- **TASK GOAL**: Every entry in the data that follows should come back exactly, pictures aside.

>>

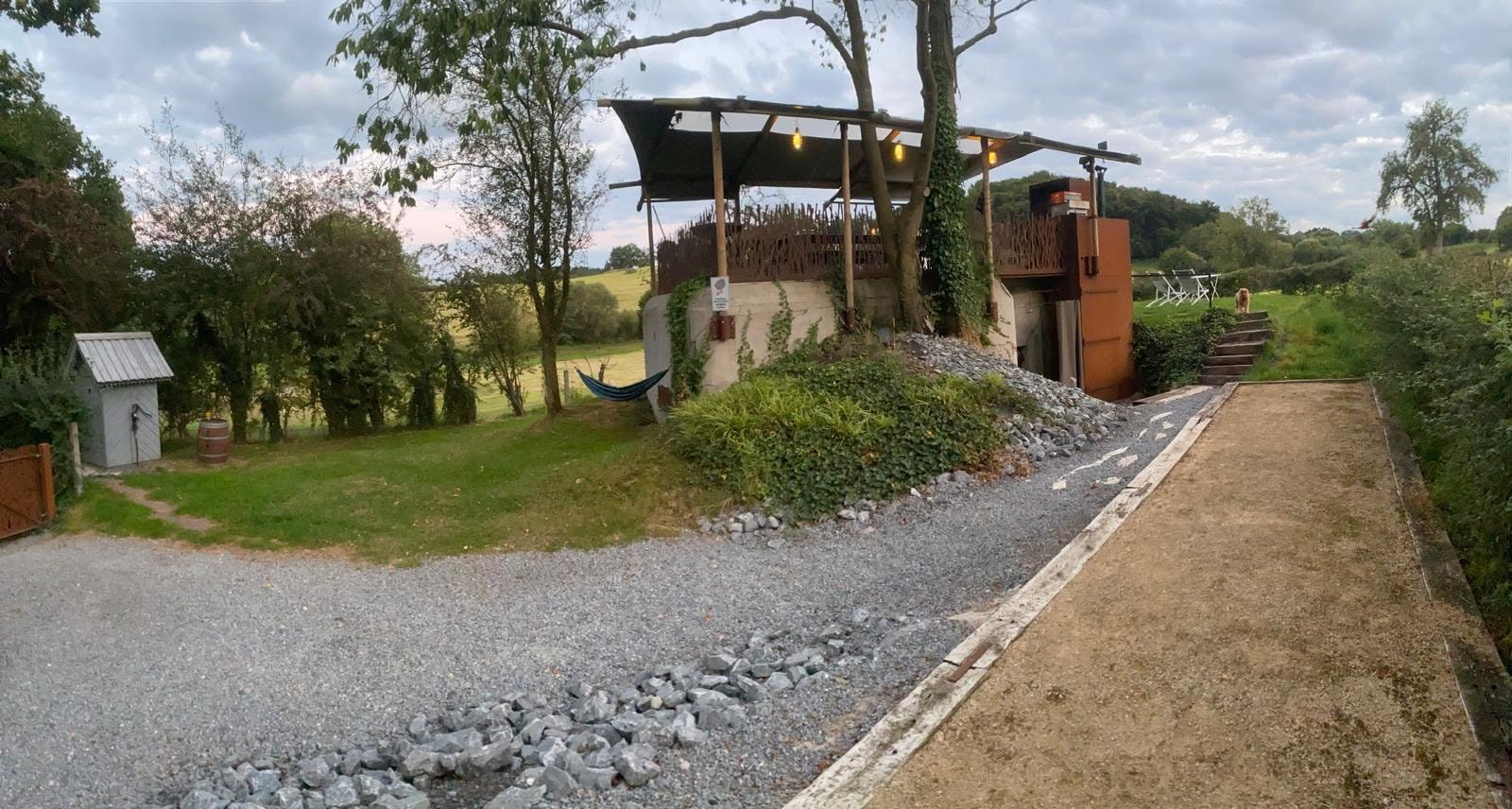 Bunker du&nbsp;Houyeux à 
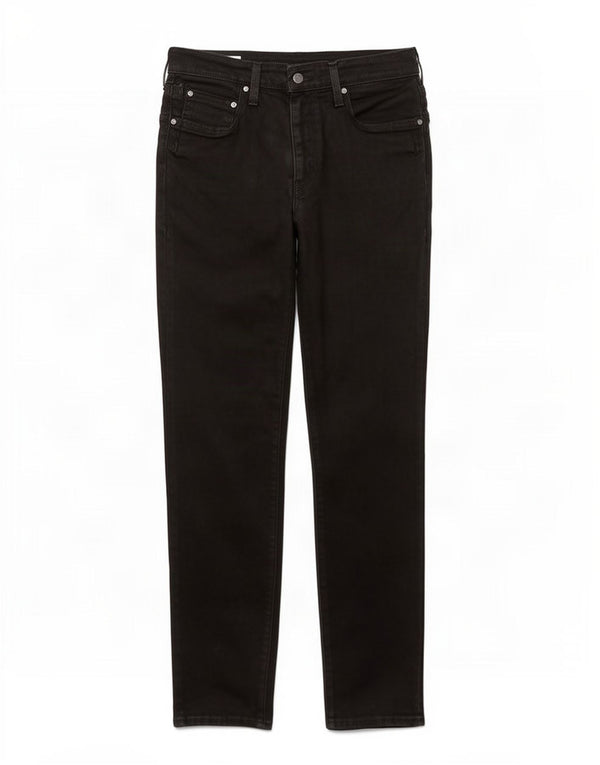 Levi's Jean 512 Slim Tapered Homme Noir Coton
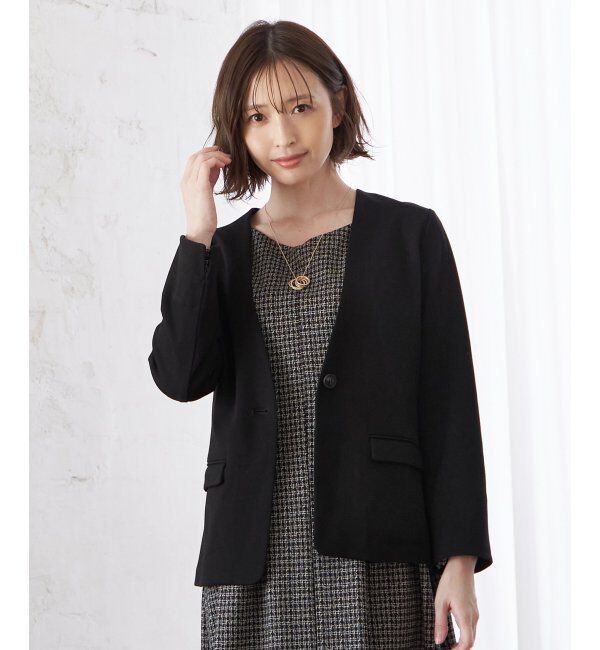 IKKA LOUNGE「Beasystretch ジャケット」|その他|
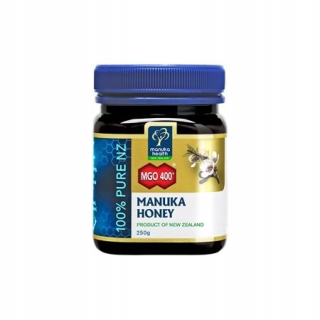 Honey Manuka MgO 400+ 250g Nový Zéland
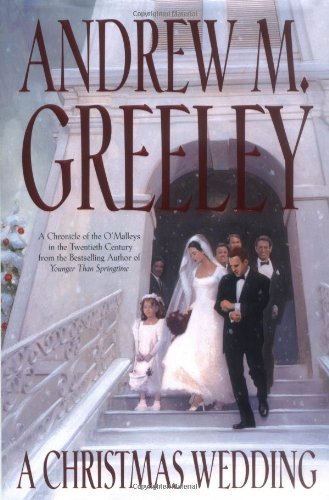 A Christmas Wedding (Family Saga)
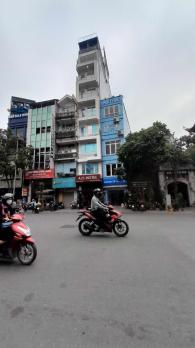 Bán Nhà Mặt Phố Hoàn Kiếm 61m2-7T Th/Máy Dòng Tiền 1,1 Tỷ 1 SỔ 1 CHỦ 29,6 Tỷ Hai Bà Trưng.
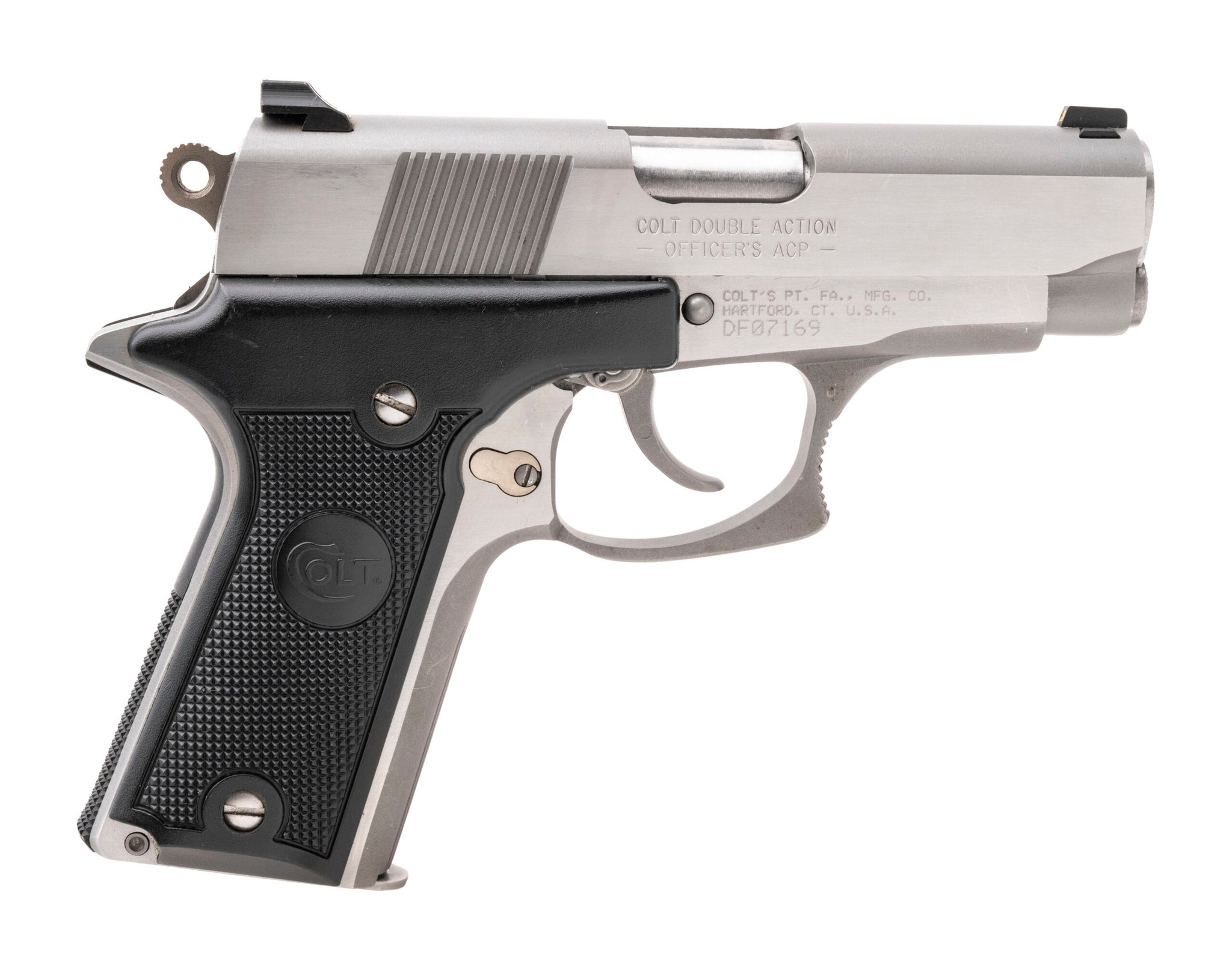 Colt Double Eagle Officers Acp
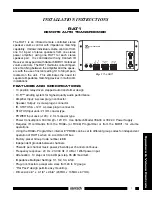 Xantech RAT 1 Installation Instructions Manual preview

<<

- **FINAL ANSWER**:
 Bunker du&nbsp;Houyeux à 
 Levi's Jean 512 Slim Tapered Homme Noir Coton
 IKKA LOUNGE「Beasystretch ジャケット」|その他|
 Honey Manuka MgO 400+ 250g Nový Zéland
 A Christmas Wedding (Family Saga)
 Bán Nhà Mặt Phố Hoàn Kiếm 61m2-7T Th/Máy Dòng Tiền 1,1 Tỷ 1 SỔ 1 CHỦ 29,6 Tỷ Hai Bà Trưng.
 Colt Double Eagle Officers Acp
 Xantech RAT 1 Installation Instructions Manual preview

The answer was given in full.